Located on the site of a former Roman temple, the building lies between the Bank of England and St Paul’s Cathedral, it responds to its historic context, yet is uniquely of its place and time. It is a true exemplar of sustainable development, with a BREEAM Outstanding rating – the highest design stage score ever achieved by any major office development.
“From day one, we talked with Mike Bloomberg about creating an elegant stone building that responds to its historic setting yet is clearly of its own time and which would be a good neighbour in the City of London in every sense of the word. We wanted the building to have an integrity and continuity of expression both inside and out, creating an inspiring, innovative, dynamic and collaborative workplace for Bloomberg that embodies the core values of the company,” said Lord Foster, Founder and Executive Chairman, Foster + Partners, the architects of the project.
“Above all, we had a shared belief with Bloomberg that we should provide the highest standards of sustainability and wellbeing for its occupants, as well as create major new public spaces at ground level, making a significant contribution to the daily life of the City of London and its inhabitants,” he added.
Occupying a full city block, the 3.2-acre site comprises two buildings united by bridges that span over a pedestrian arcade that reinstates Watling Street, an ancient Roman road that ran through the site. Bloomberg Arcade is now a key route for people moving around the City, with restaurants and cafes at ground level, set back behind an undulating façade under a covered colonnade. Three public plazas, located at each end of the arcade and in front of the building’s entrance, provide new civic spaces in the heart of the Square Mile.
The building height protects key views of St Paul’s Cathedral whilst respecting neighbouring historic buildings. Its striking façade is defined by a structural sandstone frame in response to the adjacent Magistrate’s Court, with a series of large-scale bronze fins that shade the floor-to-ceiling glazing. The fins give the building a visual hierarchy and rhythm as they vary in scale, pitch and density across each façade according to orientation and solar exposure, whilst also being an integral part of the building’s natural ventilation system.
Aside from providing energy efficiency benefits through shading, the large windows and bronze fins allow abundant natural sunlight to flood the office creating the perfect light for worker productivity. Recent research by Memoori has shown that natural light outshines all other forms of illumination in the context of workplace productivity. More than six times as many respondents in our office worker survey believed natural light aided concentration than those who didn’t.
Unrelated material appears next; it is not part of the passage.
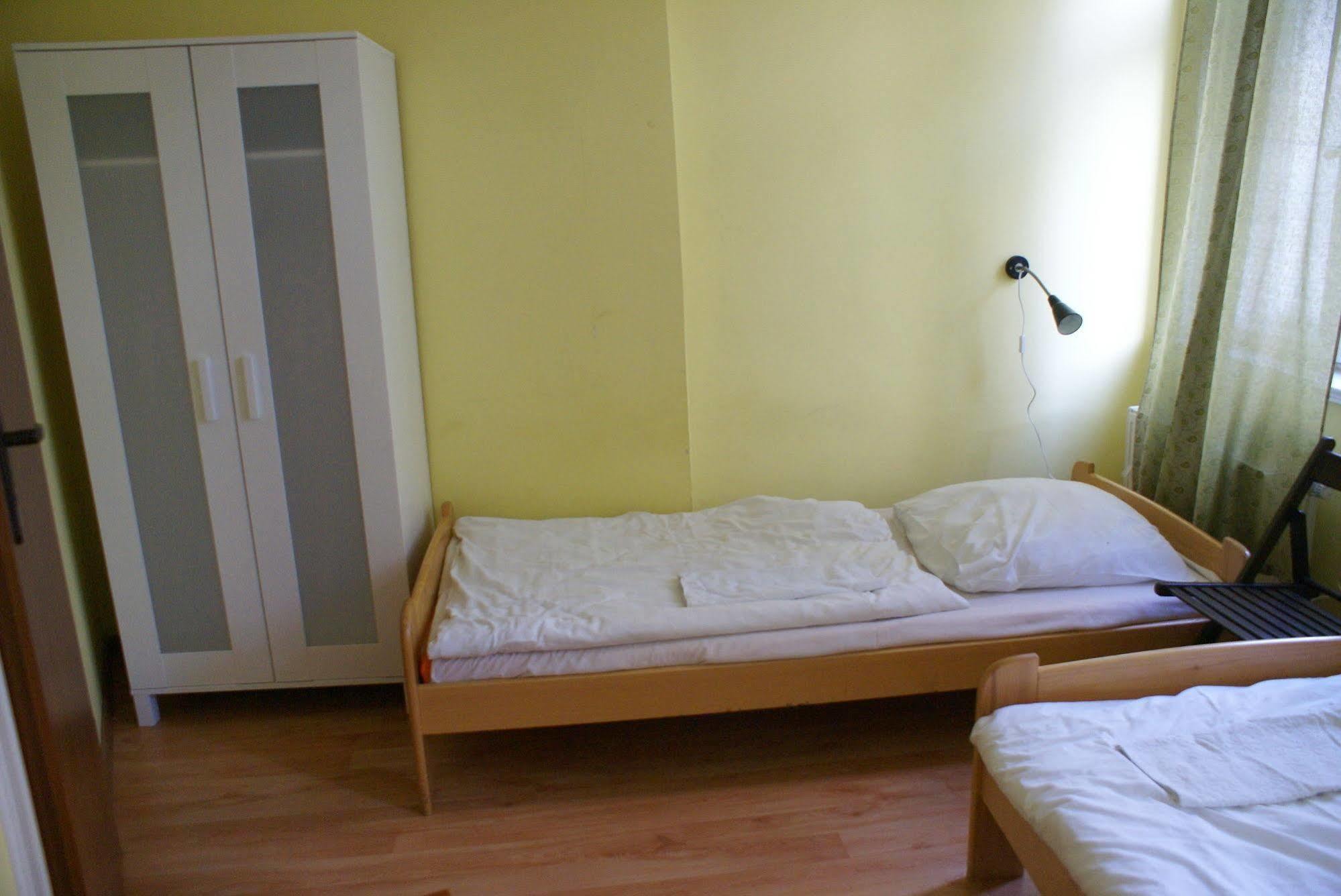 Frolic Goats Hostel Познан Екстериор снимка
“Conditioned by evolution to respond to the tones and rhythms of sunlight, natural light is the ideal form of light to benefit employee concentration and therefore productivity,” the report explains, while also going into great detail on a number of other productivity influencing workplace elements such as layout, wearable technology, biophilia and environmental controls.
Entitled The Future Workplace: Smart Office Design in the Internet of Things Era, the report’s ideas are realized in progressive commercial building designs like that of Bloomberg’s new site in London.
The layout of the office, for example, has been designed to maximize collaboration, employing many of the strategies outlined in the report. Each employee sits in their own space within a honeycomb formation of desk banks. In the middle of each circle of desks is a small meeting table, which Bloomberg hopes will spur impromptu brainstorms. “What we need is everybody to be able to work together, have some privacy and share ideas,” says Bloomberg.
The new Bloomberg european headquarters embodies the core values outlined in our report; that a flexible and human focused workplace can provide the best path to productivity of workers and therefore the profitability of the enterprise. The futuristic design ideas put into action in Foster + Partners creation demonstrate the potential of the building in empowering the worker and the enterprise.
“I’m fascinated by the way that design can somehow enable your organisation and its values to function better,” says Foster. “I sometimes talk about the building as like the tip of an iceberg. What you don’t see is the process, the huge teamwork, the collaboration between experts… to create innovatory solutions. What I’m describing has never been done before, but it didn’t come easily.”